In subterranean reservoirs that produce gas, liquids (e.g., water) often are present as well. The liquids can come from condensation of hydrocarbon gas (condensate), from bound or free water naturally occurring in the formation (e.g., interstitial and connate water), or from liquids introduced into the formation (e.g., injected fluids). Regardless of the liquid's origin, it is typically desired to transport the liquid to the surface through the production wells via the produced gas. Initially in production, the reservoir typically has sufficient energy and natural forces to drive the gas and liquids into the production well and up to the surface. However, as the reservoir pressure and the differential pressure between the reservoir and the wellbore intake declines overtime due to production, there becomes insufficient natural energy to lift the fluids. The liquids therefore begin to accumulate in the bottom of the gas production wells, which is often referred to as liquid loading.
As the liquids begin to collect in the gas production wells, density separation by gravitational force naturally occurs separating the fluid into a gas column (substantially free of liquid) in the upper portion of the production well, a mixed liquid and gas column (with the percentage of liquid to gas increasing as the well depth increases) in the middle portion of the production well, and a liquid column (substantially free of gas) in the bottom portion of the production well. The liquid column can rise over time if the velocity of the produced gas decreases, thereby reducing the ability of the produced gas to transport the liquid to the surface. In this case, the liquid becomes too “heavy” for the gas to lift such that the liquid coalesces and drops back down the production casing or tubing. As the liquid column rises to a height in the production well where the hydrostatic pressure equals or exceeds the gas formation face pressure, the liquid detrimentally suppresses the rate at which the well fluid is produced from the formation and eventually obstructs gas production completely. Accordingly, this liquid needs to be artificially reduced or removed to ensure proper flow of natural gas (and liquids) to the surface.

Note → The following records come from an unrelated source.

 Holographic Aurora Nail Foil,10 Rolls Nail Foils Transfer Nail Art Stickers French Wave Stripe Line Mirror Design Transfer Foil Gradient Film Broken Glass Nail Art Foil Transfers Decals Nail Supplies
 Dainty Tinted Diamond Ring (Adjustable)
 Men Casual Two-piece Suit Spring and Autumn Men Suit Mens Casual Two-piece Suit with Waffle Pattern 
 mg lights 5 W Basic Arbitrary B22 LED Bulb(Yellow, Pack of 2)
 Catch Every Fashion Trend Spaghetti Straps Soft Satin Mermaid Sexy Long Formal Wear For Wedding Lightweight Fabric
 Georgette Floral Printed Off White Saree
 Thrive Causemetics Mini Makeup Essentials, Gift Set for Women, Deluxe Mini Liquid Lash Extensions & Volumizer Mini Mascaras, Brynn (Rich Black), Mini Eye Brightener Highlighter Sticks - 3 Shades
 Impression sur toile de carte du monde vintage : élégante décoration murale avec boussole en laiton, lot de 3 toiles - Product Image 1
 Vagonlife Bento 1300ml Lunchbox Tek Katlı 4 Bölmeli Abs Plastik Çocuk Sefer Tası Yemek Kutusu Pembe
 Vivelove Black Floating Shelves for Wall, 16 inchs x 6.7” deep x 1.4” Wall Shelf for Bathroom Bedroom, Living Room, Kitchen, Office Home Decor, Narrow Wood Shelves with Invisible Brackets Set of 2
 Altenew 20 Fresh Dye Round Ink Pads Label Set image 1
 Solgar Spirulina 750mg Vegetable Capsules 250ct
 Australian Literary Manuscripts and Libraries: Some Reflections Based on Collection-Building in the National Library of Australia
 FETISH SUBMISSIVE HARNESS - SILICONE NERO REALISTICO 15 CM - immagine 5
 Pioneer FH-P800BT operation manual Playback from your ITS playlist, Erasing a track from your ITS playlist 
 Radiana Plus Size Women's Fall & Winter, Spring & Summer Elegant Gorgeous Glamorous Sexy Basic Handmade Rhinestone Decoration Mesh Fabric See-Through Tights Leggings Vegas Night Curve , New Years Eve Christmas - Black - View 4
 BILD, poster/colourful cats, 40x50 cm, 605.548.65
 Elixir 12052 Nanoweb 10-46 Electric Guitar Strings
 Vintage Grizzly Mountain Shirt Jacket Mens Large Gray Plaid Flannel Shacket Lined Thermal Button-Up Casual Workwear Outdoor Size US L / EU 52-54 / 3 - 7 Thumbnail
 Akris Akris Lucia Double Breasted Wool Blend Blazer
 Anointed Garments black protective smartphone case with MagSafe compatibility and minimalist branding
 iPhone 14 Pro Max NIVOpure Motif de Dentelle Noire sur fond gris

There are several conventional methods for deliquification of a gas well such as by direct pumping (e.g., sucker rod pumps, electrical submersible pumps, progressive cavity pumps). Another common method is to run a reduced diameter (e.g., 0.25 to 1.5 inches) velocity or siphon string into the production well. The velocity or siphon string is used to reduce the production flow area, thereby increasing gas flow velocity through the string and attempting to carry some of the liquids to the surface as well. Another alternative method is the use of plunger lift systems, where small amounts of accumulated fluid is intermittently pushed to the surface by a plunger that is dropped down the production string and rises back to the top of the wellhead as the well shutoff valve is cyclically closed and opened, respectively. Another method is gas lift, in which gas is injected downhole to displace the well fluid in production tubing string such that the hydrostatic pressure is reduced and gas is able to resume flowing. Additional deliquification methods previously implemented include adding wellhead compression and injection of soap sticks or foamers.
Although there are several conventional methods for removing liquids from a well, few, if any, of the current commercially available methods provide sufficient means for removal of liquid from natural gas wells with low bottom-hole pressure. In addition, some of the above described methods may be cost prohibitive in times where the market value of gas is relatively low or for low production gas wells (i.e., marginal or stripper wells).